Vor fünf Jahren richteten sie im Forsthaus ein eigenes Labor ein. Damit können sie an den Werkstoffen einzelner Bauteile untersuchen, wie Materialien auf Zug oder beim Fall aus einer bestimmten Höhe und bei anderen Krafteinwirkungen reagieren. So lassen sich noch genauere Simulationen am Computer erstellen.

Infrastruktur der Oberlausitz als Hemmnis

Mehrfach war David Blauth schon in den USA. Gremienarbeit sei enorm wichtig, um zu erfahren, wie Dummys verbessert oder neu erfunden werden. Neben dem Austausch übers Internet spiele der persönliche Kontakt eine große Rolle. „Wenn man morgens in Rohne losfährt und 20 Stunden später in Peking ist, das hat schon was“, meint er schmunzelnd. ATD müsse in China aktiv sein, damit deutsche Autobauer die dort geforderten Sicherheitstests bestehen und Fahrzeuge verkaufen können.

Von den zwölf Mitarbeitern im Unternehmen sind acht Ingenieure. Einige, etwa in Cottbus oder Polen, arbeiten im Homeoffice. Außerdem betreibt ATD seit zwei Jahren ein kleines Büro in Berlin. Einmal die Woche trifft man sich im Forsthaus in Weißwasser. Auf diesen persönlichen Austausch legt David Blauth großen Wert.

Wenn die Autobauer sparen müssen, suchen sie nach Alternativen. – David Blauth, Geschäftsführer

Ebenso auf die engen Kontakte zur Universität in Cottbus und zur Hochschule für Technik und Wirtschaft in Berlin. Wenn man sich mit der Technischen Hochschule in Dresden einig wird, sei auch ein kleines Büro in Dresden vorstellbar. Mit der Hochschule in Zittau/Görlitz passe es hingegen inhaltlich nicht wirklich. Zudem sei es „von Weißwasser nach Zittau eine Weltreise“, sagte er.

Erst vor einer Woche aus Japan und Korea zurück, sieht er in der Infrastruktur der Oberlausitz ein großes Hemmnis. Nach Dresden käme man ohne Auto kaum, und die Bahnverbindung nach Berlin sei ebenfalls verbesserungswürdig. Immerhin habe man seit dem Frühjahr 2025 wenigstens schnelles Internet. Das Glasfaserkabel lag gegenüber schon lange an. Dennoch sei es ein harter Kampf gewesen. Verständnis hat Blauth als Chef einer Firma, die mit Kunden in aller Welt kommuniziert, dafür ganz und gar nicht. Denn seine Leute hätten auch sehr gut im Support zu tun. Dafür sei die Digitalisierung eine Voraussetzung.

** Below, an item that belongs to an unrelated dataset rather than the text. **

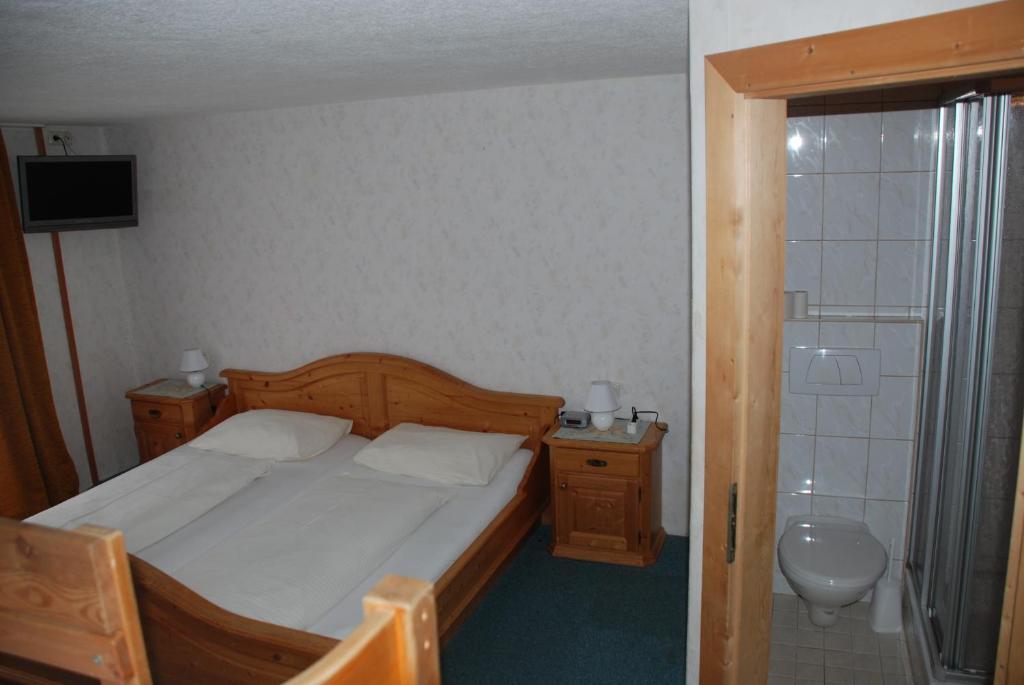 Pension Baeuerle Heiligenblut Room photo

Von der Automobilkrise bislang sogar profitiert

Die Krise der Automobilindustrie bekommt ATD zu spüren. Derzeit kann das Unternehmen in Weißwasser davon aber sogar profitieren. „Wenn die Autobauer sparen müssen, suchen sie nach Alternativen“, weiß David Blauth. Als kleine Firma könne man zum Teil günstiger agieren als der große Mitbewerber. „Wir sind konkurrenzfähig“, betont der ATD-Chef und fügt hinzu, dass man sich in der Bezahlung der Mitarbeiter am Tarifvertrag der Automobilindustrie in Baden-Württemberg orientiere. „Die Krise ist erstmal gut für uns, solange die Hersteller bloß Kosten sparen. Aber wenn einige in Deutschland schließen würden, hätte das auch Auswirkungen auf uns“, sagte er.

Das Domizil im einstigen Forsthaus sei mehreren Zufällen zu verdanken. „Der Freistaat wollte das Objekt verkaufen. Wir hatten nach einem Großauftrag das erste Mal richtig Geld auf dem Konto, und es wollte kein anderer haben“, meinte er.

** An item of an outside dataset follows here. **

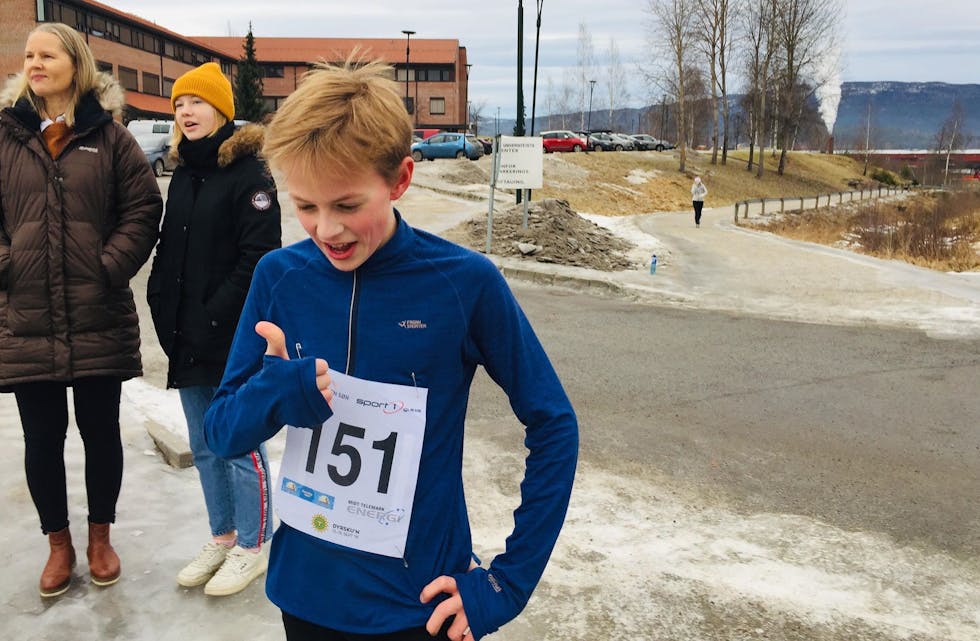 FØRST I MÅL. Oddmund Søgnen (14) i Skarphedin friidrett tok sigeren i 5 kilometer landevegsløp i Bø laurdag.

An den Landtagsabgeordneten appellierte der Unternehmer, dass dringend etwas zur Verbesserung der Infrastruktur in der Oberlausitz getan werden müsse. Das sieht auch Sachsens SPD-Chef Henning Homann so. Der war beeindruckt von den Leistungen der ATD-Models GmbH. „Wir brauchen schnelle Verbindungen und die Anbindung des ländlichen Raums an große Zentren, damit Schätze wie die Firma hier sich weiter entwickeln können“, sagte er.